Dito isto, faço o convite para refletir sobre o desenho urbano da Avenida Lúcio Costa: a avenida margeia a praia, espaço público por excelência, de uso livre e em muitas cidades litorâneas principal ponto de atração de pessoas/viagens aos finais de semana. A avenida possui 4 faixas de rolamento, sendo duas em cada sentido. Dos 42 metros de largura da Avenida, apenas 10m são destinados aos pedestres, 3m aos ciclistas, 5m ao central os demais 24 m são espaços destinados aos veículos, que podem circular com velocidade máxima de, veja bem, 70 km/h. As faixas de pedestres mais próximas do local do atropelamento estão distantes aproximadamente 100 e 200m.
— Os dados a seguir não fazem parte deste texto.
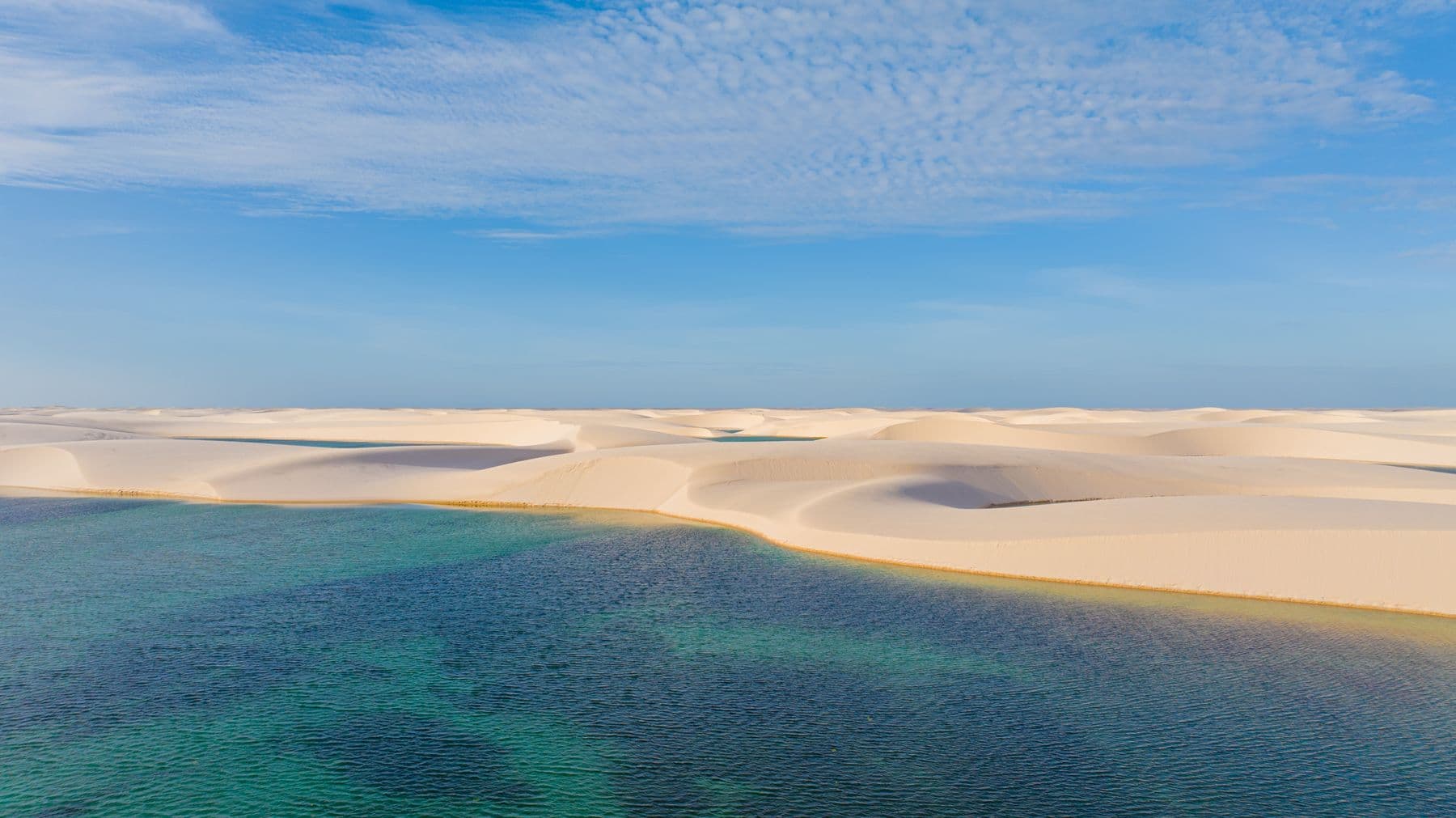 Lagoa de água azul-esverdeada à beira das dunas dos Lençóis Maranhenses
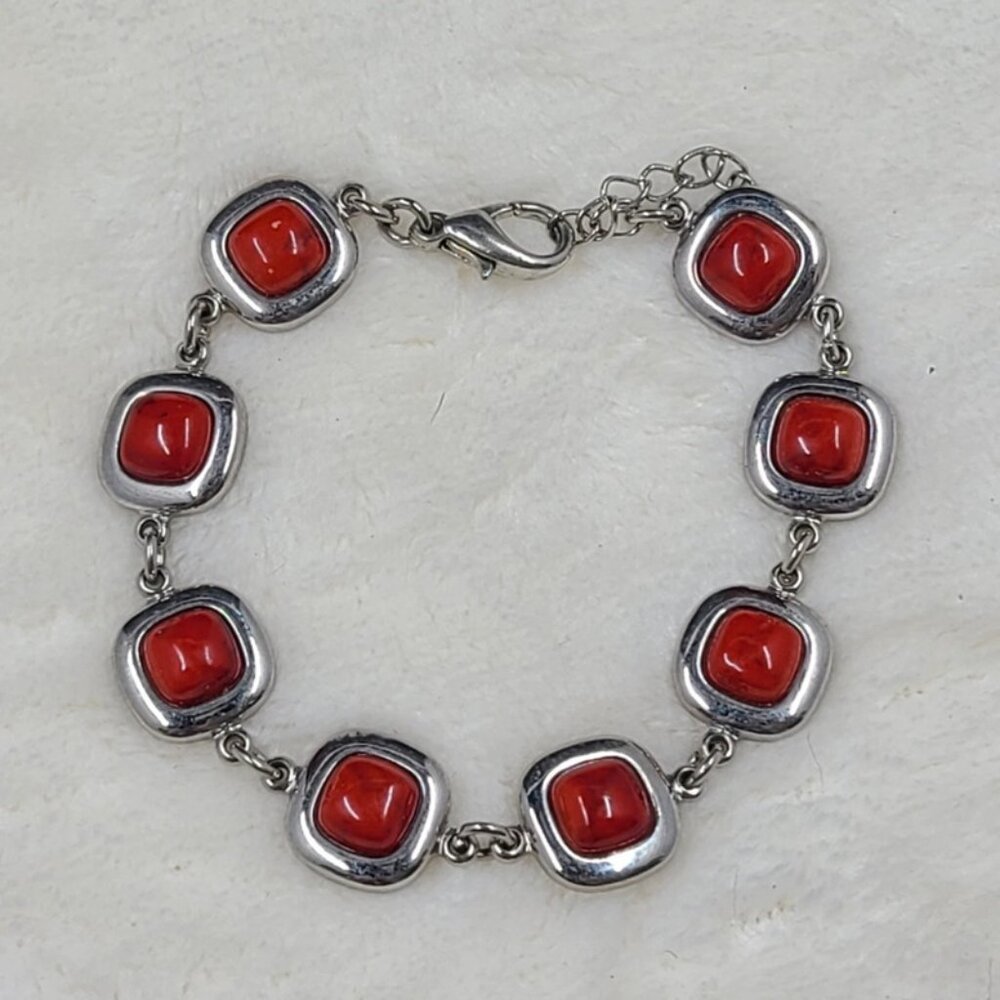Silver Tone Bracelet With Red Stones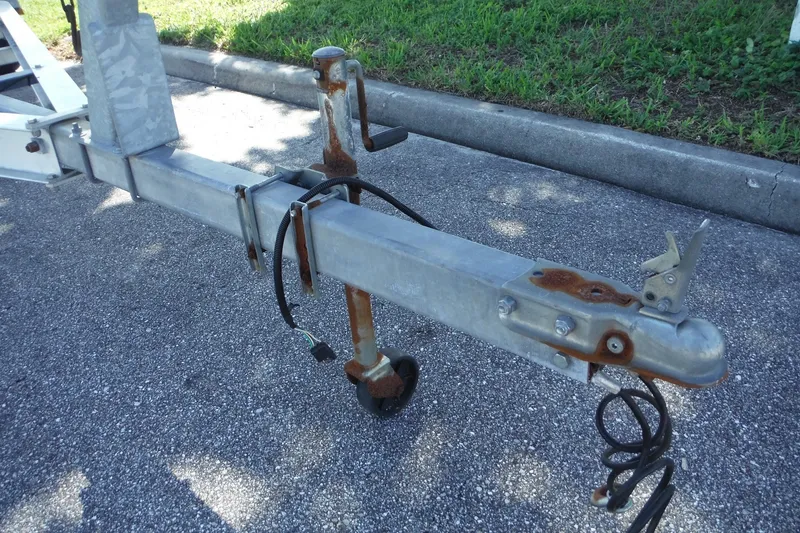 Slide: The Image of Trailer hitch of a 1999 Pro Sports 2200 CC, showing rust and wear. - 35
De pronto, é possível identificar que, há uma combinação de elementos pouco favorável ao deslocamento de pedestres, alta velocidade e espaço urbano priorizando o veículo motorizado.

Como reação ao atropelamento, o Prefeito Eduardo Paes afirmou que vias com velocidade máxima de 70km/h são um "absurdo" e solicitou aos órgãos competentes mudança do limite de velocidade. De fato, uma cidade que permite alta velocidade em seus núcleos urbanos é menos segura e confortável, com o risco de gerar o aumento de acidentes. Veículos motorizados não devem ter prioridade em lugares onde há presença de pedestres ou ciclistas, principalmente em locais como a Av. Lúcio Costa, orla marítima e espaço de lazer da cidade. Reduzir a velocidade da circulação de veículos nestes espaços é imperativo.
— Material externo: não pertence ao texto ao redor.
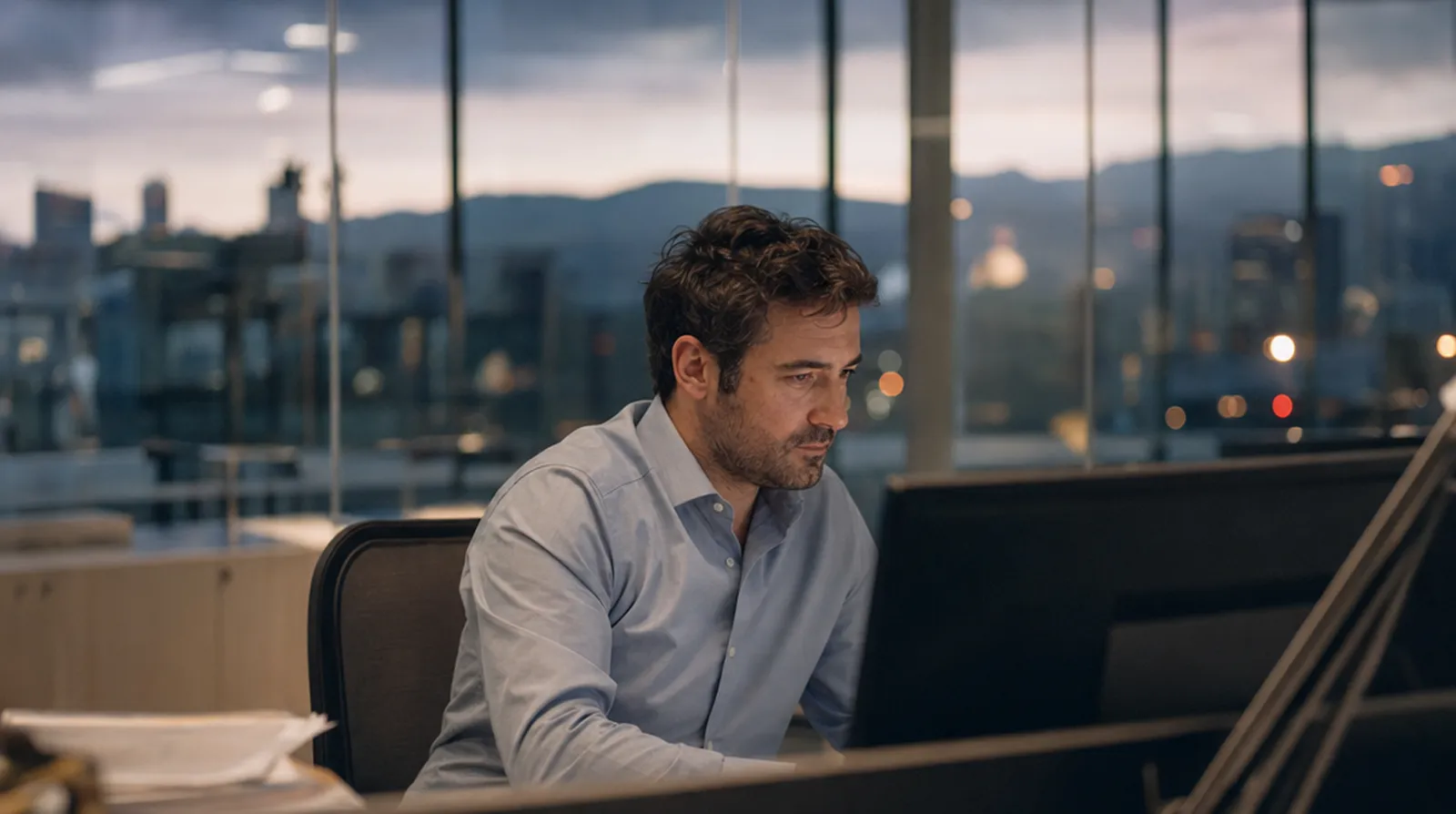 Analista financiero repasando cifras al anochecer en una oficina de Barcelona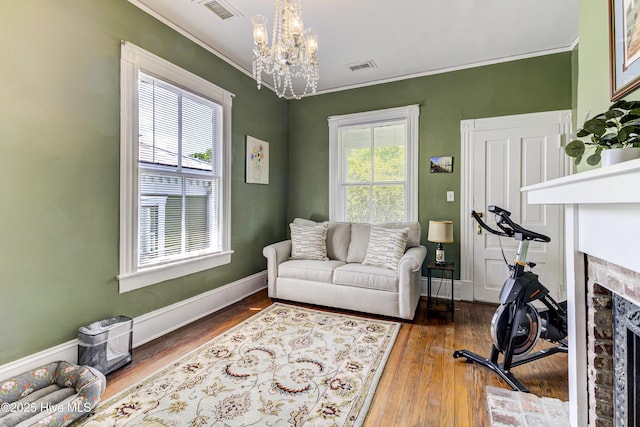 living room featuring crown molding, a fireplace, a chandelier, wood finished floors, and baseboards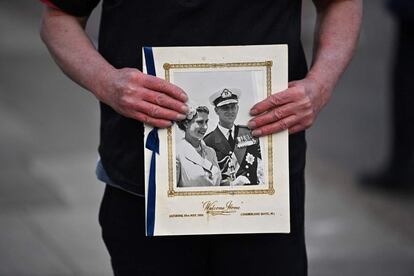 Un ferviente partidario de la familia real británica sostiene una imagen de la reina Isabel II y el duque de Edimburgo frente al castillo de Windsor, tras conocerse el fallecimiento del marido de la reina.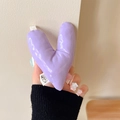 Close-up of a padded purple heart phone grip with glossy quilted leather texture - Warped Heart (Purple)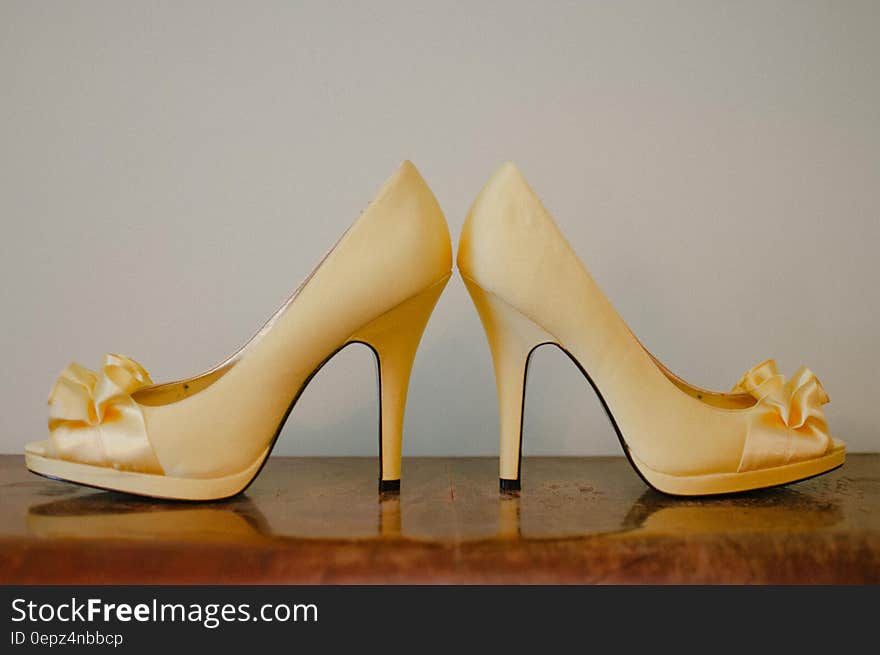 Close up of high heel yellow leather shoes on wood. Close up of high heel yellow leather shoes on wood.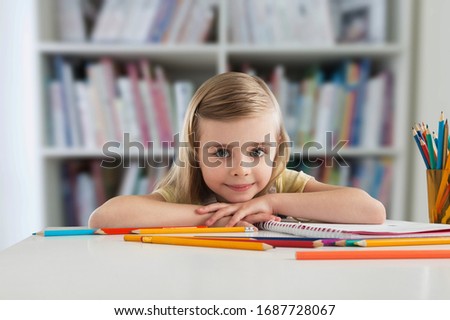 Cute child student with many books on the desk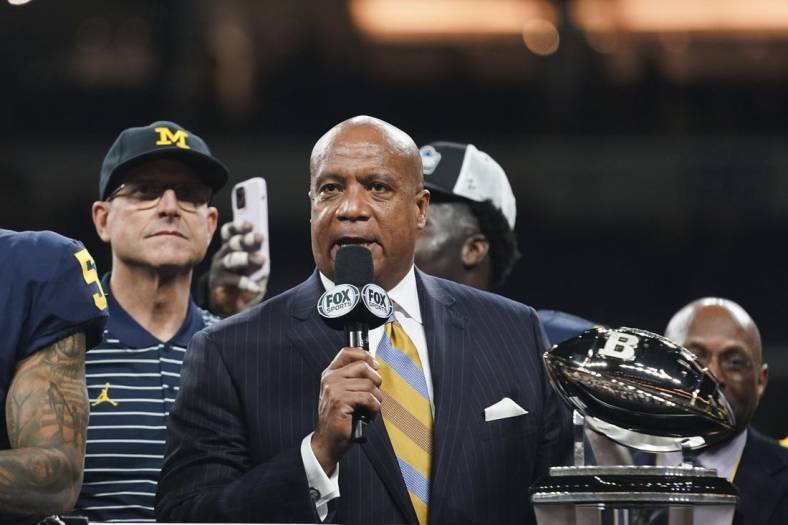 Dec 3, 2022; Indianapolis, Indiana, USA;  Big Ten Commissioner Kevin Warren presents the championship trophy to Michigan Wolverines head coach Jim Harbaugh following their 43-22 victory against Purdue in the Big Ten Championship at Lucas Oil Stadium. Mandatory Credit: Robert Goddin-USA TODAY Sports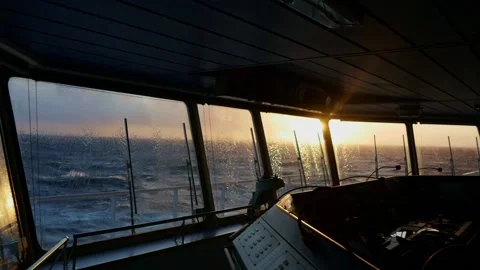 Washing windows on the navigation bridge at sunset Stock Footage 135882873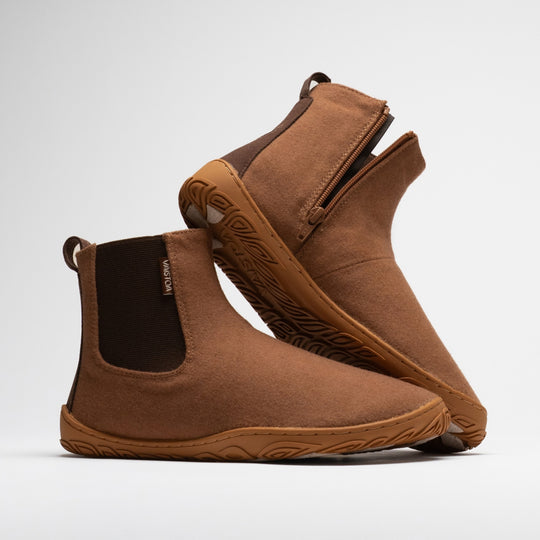 Vaistoa Sulo 2 winter barefoot chelsea boots – pair with the front shoe shown from the side with the elastic panel and the second shoe leaning against its shaft, showing the zipper and the edge of the outsole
Os limites de velocidade indicados pelo Código de Trânsito Brasileiro (BRASIL, 1997) são superiores ao recomendado pela OMS que, para vias urbanas arteriais, é de até 50 km/h. Em áreas com grande movimentação de pedestres e ciclistas, a recomendação para o limite de velocidade é de 30 km/h, podendo chegar a 20 km/h em ruas compartilhadas. A limitação da velocidade máxima de circulação em 30 Km/h reduz a probabilidade de acidente em 50% (o tempo de reação e freada reduz-se notavelmente), e em caso de acidente as consequências não são graves.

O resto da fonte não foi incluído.